Glück y Carson parecen a primera vista pertenecer a universos poéticos distintos. No solo la insaciable pulsión experimental de Carson se antoja refractaria a la sobriedad expositiva de Glück, sino que el carácter y el tono de ambas parece pertenecer a polos contrarios del espectro anímico. Sin embargo, igual que esos ríos cuyos cauces descubrimos que no pueden mezclarse precisamente cuando ambas corrientes entran en contacto, la diferencia entre estas dos poetas es más acentuada porque ambas comparten una extensísima frontera común: la exploración, desde la perspectiva femenina, de la culpa, los triunfos parciales, el fracaso, la ilusión y el arrepentimiento, asociados a sus relaciones afectivas: emociones proyectadas sobre una figura exterior y masculina, a la que su propio deseo, en ocasiones a disgusto con el sentido común, ha conferido una autoridad a la que se trata de satisfacer mientras se fantasea con destronar (y sacársela de encima de una vez). Se trata de un escenario moral y sensual complejo que también comparte otra de las grandes poetas de la generación de Glück, Sharon Olds, cuyas energías líricas despegaron cuando se decidió a encauzar sus variados esfuerzos en un punto de confluencia: el compuesto de amor y odio de un padre moribundo. Glück ensayó una operación similar a la de Olds en El padre (Bartleby Editores, 2004) con una figura a la que no costaba tomar por Dios (o por alguna clase de Dios) y que derivó en uno de sus libros más celebrados: El iris salvaje (Pre-Textos, 2006). Al concentrarse ahora en la despedida a un cónyuge, la comparación con Carson se impone toda vez que Glück recurre a uno de los principales logros retóricos de la canadiense: la autoexploración mediante impertinentes preguntas íntimas (uno diría que destinadas a provocarse la mayor vergüenza posible) que evocan los interrogatorios del catecismo o de un confesor burlón, que para mayor escarnio parece saberlo todo de sus expectativas y planes iniciales.

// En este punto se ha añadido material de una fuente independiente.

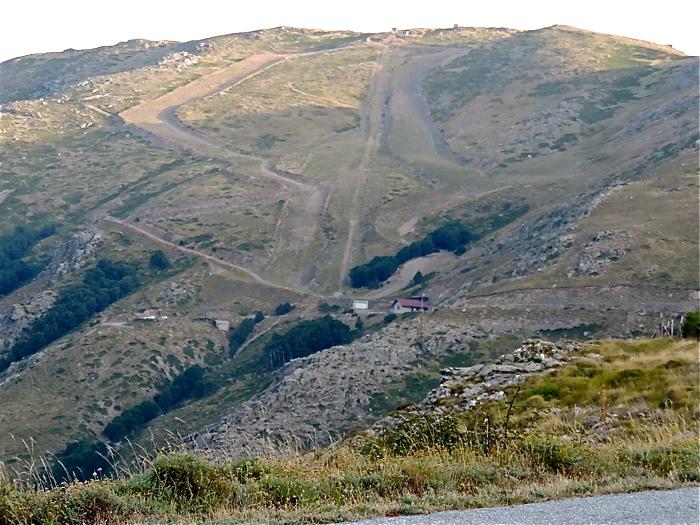 Piste da sci di Bruncu Spina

Glück sale perdiendo en la comparación sencillamente porque no es capaz de avanzar tanto en la exploración de su propia veta ridícula y de los éxtasis y humillaciones del amor conyugal como una Carson a quien la ironía y su habilidoso manejo de recursos distanciadores le permiten ser muchísimo más exhibicionista. Cierto pudor actúa en Vita Nova como un velo que lejos de ser insinuante termina por molestar a la vista: reconocemos la estructura general de lo que se nos está contando, pero se nos niegan las particularidades, los rasgos específicos, los matices singulares.

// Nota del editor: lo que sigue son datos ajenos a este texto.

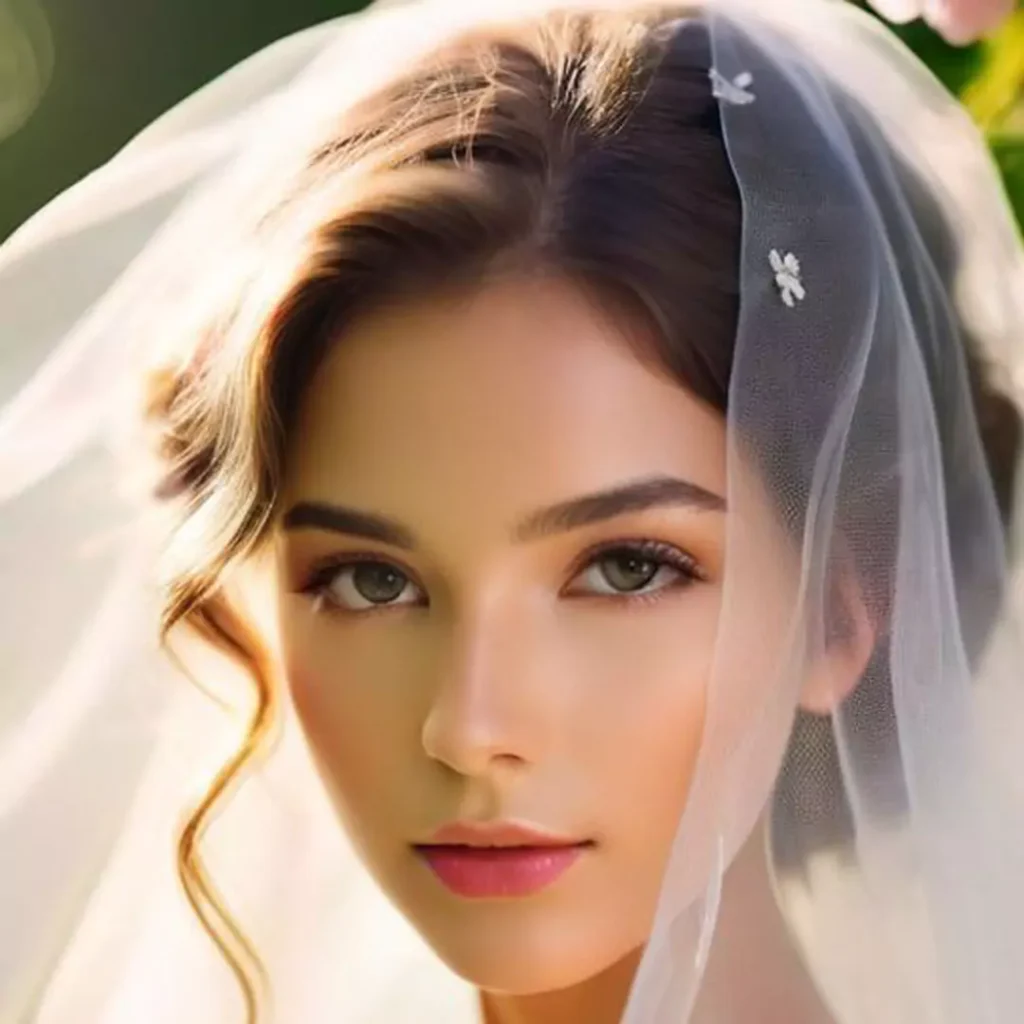 regal European bridal makeup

Digámoslo de una vez: Glück ha escrito muchísimos poemas que son piezas de oficio, sin brillo específico. Pero el lector haría bien en no desistir. La carestía de recursos de Glück es un lastre considerable que la obliga a reunir mucho material considerablemente monótono y reiterativo (como si hiciese acopio de fuerzas y tentativas) hasta que logra dar en el clavo. Cuando lo consigue se trata de poemas que no desmienten a sus versos más fríos: no hay un gran salto retórico ni nuevos destellos, el estilo sentencioso y seco sigue allí; los reconocemos como poemas de la misma familia, pero más ajustados, más precisos y cortantes; se trata del mismo jugo, destilado con gran esfuerzo, pero más intenso, concentrado, más inquietante: y el efecto es extraordinario.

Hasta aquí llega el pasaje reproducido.